EXERCISE PROMPT -
Among the records below, which lines contain the string "Drop"? Report them.

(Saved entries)
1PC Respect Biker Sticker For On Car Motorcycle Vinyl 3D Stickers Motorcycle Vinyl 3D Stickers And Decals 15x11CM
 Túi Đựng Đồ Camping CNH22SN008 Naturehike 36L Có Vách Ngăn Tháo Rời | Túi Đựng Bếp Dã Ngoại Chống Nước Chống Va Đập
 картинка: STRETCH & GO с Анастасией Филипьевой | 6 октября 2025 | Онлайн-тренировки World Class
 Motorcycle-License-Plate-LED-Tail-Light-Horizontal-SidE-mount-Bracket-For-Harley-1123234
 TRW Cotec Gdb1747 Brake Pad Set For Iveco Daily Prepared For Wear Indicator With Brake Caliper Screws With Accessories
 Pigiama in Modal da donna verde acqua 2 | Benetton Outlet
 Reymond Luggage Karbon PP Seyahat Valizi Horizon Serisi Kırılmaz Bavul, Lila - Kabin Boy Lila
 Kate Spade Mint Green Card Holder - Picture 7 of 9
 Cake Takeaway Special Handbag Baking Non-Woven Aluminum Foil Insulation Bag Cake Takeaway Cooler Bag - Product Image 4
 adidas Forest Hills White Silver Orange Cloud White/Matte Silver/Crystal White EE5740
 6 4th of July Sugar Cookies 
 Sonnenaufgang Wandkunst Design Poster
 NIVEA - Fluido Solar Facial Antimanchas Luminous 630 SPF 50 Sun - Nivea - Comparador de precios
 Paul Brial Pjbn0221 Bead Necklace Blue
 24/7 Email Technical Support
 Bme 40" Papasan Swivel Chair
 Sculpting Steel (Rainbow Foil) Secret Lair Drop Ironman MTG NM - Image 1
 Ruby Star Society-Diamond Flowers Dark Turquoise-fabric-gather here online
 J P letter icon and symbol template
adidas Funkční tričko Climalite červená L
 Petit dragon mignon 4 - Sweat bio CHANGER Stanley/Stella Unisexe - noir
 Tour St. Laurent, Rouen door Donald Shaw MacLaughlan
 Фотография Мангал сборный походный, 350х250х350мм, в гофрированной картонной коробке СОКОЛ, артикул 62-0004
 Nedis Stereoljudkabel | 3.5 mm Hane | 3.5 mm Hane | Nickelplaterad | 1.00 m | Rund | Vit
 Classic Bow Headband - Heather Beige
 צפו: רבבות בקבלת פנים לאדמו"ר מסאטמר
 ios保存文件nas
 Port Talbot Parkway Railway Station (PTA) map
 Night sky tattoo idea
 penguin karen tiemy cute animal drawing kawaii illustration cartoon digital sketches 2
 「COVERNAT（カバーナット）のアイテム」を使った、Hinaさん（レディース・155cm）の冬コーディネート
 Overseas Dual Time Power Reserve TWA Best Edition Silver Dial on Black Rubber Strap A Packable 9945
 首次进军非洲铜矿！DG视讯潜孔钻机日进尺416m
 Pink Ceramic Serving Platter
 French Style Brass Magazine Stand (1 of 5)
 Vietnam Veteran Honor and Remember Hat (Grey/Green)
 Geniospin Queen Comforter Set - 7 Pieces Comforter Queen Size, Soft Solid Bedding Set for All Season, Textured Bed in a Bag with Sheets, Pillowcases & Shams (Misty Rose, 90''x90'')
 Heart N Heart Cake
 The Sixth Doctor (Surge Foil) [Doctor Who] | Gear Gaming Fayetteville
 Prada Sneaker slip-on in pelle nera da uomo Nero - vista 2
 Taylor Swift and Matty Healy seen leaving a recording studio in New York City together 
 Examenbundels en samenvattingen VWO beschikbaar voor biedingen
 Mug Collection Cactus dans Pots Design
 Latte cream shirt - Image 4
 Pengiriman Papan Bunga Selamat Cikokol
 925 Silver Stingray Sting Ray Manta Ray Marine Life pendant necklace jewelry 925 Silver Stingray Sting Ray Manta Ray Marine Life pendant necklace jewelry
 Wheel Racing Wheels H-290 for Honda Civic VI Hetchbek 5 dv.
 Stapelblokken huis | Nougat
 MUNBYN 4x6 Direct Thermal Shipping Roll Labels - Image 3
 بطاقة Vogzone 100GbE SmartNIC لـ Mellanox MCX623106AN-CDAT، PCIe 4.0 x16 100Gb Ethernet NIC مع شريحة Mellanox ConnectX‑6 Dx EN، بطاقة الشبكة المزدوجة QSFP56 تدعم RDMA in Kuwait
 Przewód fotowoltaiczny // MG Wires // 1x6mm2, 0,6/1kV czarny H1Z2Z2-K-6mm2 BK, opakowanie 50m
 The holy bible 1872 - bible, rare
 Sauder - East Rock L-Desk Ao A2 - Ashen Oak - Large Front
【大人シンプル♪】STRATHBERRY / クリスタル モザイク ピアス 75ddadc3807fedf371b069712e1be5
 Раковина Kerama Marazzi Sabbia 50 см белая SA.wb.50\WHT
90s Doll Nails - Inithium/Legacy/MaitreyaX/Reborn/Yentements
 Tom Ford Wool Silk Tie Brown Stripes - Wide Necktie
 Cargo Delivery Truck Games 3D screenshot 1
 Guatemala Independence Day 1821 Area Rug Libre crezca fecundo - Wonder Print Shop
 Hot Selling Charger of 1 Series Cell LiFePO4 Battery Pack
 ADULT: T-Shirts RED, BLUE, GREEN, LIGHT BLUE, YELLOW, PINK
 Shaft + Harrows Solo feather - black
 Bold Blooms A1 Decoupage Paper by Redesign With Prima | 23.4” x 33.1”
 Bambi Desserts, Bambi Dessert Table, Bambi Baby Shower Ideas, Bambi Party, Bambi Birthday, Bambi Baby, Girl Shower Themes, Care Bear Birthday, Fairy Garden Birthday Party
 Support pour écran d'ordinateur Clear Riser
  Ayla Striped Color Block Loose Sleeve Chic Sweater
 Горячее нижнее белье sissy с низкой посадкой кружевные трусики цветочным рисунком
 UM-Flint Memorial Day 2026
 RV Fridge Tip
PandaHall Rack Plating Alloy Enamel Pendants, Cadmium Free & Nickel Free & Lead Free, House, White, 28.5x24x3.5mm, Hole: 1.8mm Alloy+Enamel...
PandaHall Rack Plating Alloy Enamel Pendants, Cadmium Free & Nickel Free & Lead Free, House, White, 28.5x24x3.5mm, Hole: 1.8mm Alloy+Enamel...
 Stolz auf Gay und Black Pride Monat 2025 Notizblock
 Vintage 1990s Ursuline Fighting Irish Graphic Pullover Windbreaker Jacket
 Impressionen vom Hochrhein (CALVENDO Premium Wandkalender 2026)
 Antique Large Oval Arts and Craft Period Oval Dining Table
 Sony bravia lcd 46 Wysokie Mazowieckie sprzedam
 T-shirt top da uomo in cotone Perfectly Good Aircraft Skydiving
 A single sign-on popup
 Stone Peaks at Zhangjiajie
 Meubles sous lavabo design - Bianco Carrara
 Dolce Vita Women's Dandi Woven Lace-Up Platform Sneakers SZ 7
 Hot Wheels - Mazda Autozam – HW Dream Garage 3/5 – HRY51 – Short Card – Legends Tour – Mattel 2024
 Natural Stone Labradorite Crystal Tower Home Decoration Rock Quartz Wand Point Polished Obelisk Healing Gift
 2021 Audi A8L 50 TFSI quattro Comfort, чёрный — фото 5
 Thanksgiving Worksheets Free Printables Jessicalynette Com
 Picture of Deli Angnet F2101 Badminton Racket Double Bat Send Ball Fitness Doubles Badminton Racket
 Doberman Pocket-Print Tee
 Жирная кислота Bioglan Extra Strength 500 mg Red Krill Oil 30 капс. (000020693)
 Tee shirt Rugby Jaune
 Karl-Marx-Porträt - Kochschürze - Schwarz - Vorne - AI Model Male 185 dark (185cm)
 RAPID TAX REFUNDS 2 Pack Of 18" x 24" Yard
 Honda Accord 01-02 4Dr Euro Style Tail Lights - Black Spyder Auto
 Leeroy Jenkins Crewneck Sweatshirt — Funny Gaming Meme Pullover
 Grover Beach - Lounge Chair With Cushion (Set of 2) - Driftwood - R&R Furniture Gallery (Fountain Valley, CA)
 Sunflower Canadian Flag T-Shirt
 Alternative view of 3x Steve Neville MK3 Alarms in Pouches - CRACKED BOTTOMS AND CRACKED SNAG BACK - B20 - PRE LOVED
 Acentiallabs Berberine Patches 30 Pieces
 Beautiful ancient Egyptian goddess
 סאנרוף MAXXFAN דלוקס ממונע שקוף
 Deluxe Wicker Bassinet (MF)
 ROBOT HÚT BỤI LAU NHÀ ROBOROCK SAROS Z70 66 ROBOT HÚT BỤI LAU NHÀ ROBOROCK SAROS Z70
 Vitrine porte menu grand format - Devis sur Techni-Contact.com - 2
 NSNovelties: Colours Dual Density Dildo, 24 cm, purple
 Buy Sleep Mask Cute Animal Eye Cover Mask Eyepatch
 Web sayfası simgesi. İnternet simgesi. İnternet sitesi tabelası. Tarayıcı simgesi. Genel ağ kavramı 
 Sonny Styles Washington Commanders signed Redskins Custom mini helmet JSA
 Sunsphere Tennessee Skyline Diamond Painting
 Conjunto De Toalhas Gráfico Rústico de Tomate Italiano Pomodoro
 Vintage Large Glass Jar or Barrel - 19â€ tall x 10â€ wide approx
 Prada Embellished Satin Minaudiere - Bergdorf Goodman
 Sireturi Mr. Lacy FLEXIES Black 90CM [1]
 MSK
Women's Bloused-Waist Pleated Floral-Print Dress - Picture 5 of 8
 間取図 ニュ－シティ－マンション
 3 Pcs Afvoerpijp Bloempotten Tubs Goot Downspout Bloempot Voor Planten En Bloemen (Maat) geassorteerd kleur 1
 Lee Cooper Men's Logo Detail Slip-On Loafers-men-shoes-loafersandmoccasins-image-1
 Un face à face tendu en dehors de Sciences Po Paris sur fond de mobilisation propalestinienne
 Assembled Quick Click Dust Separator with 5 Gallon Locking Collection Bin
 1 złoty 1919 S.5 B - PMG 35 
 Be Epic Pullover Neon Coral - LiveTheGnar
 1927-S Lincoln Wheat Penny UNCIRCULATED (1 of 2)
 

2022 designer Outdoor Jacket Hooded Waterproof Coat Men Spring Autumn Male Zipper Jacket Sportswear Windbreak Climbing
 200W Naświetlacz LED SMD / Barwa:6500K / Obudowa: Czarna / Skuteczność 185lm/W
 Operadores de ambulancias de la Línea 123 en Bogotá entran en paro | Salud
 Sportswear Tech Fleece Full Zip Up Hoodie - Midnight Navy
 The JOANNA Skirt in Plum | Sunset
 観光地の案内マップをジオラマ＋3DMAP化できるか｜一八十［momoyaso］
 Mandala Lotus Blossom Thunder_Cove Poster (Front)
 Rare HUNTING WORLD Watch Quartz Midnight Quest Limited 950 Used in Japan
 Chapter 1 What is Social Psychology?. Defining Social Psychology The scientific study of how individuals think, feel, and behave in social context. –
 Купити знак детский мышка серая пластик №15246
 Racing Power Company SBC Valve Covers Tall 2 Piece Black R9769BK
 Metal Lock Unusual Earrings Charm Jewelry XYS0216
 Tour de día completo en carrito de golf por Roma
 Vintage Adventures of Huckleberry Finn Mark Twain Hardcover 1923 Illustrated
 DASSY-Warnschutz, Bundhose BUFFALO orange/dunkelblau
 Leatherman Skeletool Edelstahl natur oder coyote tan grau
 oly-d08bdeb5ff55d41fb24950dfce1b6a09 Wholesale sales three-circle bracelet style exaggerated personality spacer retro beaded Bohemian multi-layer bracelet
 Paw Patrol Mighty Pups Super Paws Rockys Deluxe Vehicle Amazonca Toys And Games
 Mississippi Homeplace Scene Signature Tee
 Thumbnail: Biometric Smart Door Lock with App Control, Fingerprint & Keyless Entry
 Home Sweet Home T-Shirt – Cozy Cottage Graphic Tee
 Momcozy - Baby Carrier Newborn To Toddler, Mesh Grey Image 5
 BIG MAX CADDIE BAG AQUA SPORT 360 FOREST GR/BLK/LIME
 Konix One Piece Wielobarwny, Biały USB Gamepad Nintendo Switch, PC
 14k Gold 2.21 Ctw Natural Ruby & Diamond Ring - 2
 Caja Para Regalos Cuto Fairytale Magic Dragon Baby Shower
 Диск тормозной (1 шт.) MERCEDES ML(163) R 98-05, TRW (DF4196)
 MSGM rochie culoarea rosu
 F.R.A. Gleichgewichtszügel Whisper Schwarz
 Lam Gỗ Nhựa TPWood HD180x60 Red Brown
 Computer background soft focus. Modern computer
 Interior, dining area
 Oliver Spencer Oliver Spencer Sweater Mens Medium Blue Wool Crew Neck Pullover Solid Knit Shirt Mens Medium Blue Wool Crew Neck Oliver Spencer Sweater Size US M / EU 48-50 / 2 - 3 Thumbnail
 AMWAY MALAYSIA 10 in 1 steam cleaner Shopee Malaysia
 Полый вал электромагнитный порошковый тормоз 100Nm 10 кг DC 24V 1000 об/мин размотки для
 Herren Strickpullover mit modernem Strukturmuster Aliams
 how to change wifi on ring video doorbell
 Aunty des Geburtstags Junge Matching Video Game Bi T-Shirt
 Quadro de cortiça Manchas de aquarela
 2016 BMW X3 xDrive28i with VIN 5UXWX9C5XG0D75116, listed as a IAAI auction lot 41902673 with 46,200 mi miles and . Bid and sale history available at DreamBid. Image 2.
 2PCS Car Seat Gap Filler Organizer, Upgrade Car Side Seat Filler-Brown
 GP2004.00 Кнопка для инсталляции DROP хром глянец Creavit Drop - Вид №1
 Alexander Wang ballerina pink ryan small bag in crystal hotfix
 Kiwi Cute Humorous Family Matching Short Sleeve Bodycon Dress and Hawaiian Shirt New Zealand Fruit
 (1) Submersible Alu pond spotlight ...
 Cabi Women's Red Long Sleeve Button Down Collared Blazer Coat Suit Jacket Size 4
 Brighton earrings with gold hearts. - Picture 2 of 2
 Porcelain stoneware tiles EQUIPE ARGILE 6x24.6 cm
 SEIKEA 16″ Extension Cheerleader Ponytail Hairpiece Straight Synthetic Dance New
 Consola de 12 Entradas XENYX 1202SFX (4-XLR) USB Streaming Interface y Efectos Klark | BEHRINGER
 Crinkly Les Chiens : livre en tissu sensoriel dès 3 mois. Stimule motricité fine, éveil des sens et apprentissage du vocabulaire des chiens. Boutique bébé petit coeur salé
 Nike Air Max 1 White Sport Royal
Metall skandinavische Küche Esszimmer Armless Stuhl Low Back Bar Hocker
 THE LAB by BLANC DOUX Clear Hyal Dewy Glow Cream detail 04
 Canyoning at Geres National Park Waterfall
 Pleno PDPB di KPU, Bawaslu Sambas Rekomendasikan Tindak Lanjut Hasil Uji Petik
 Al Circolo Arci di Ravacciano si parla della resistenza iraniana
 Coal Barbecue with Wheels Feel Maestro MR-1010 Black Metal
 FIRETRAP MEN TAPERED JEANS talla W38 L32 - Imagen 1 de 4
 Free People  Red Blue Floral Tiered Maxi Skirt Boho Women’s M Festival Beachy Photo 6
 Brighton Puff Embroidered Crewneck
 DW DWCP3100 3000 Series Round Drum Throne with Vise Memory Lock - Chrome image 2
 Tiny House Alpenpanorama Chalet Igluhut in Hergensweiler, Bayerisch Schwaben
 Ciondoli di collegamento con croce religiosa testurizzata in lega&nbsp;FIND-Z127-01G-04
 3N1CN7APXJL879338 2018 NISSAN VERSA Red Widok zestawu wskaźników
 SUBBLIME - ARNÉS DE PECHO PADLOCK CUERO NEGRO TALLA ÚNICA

RESPONSE AREA -
 Sculpting Steel (Rainbow Foil) Secret Lair Drop Ironman MTG NM - Image 1
 GP2004.00 Кнопка для инсталляции DROP хром глянец Creavit Drop - Вид №1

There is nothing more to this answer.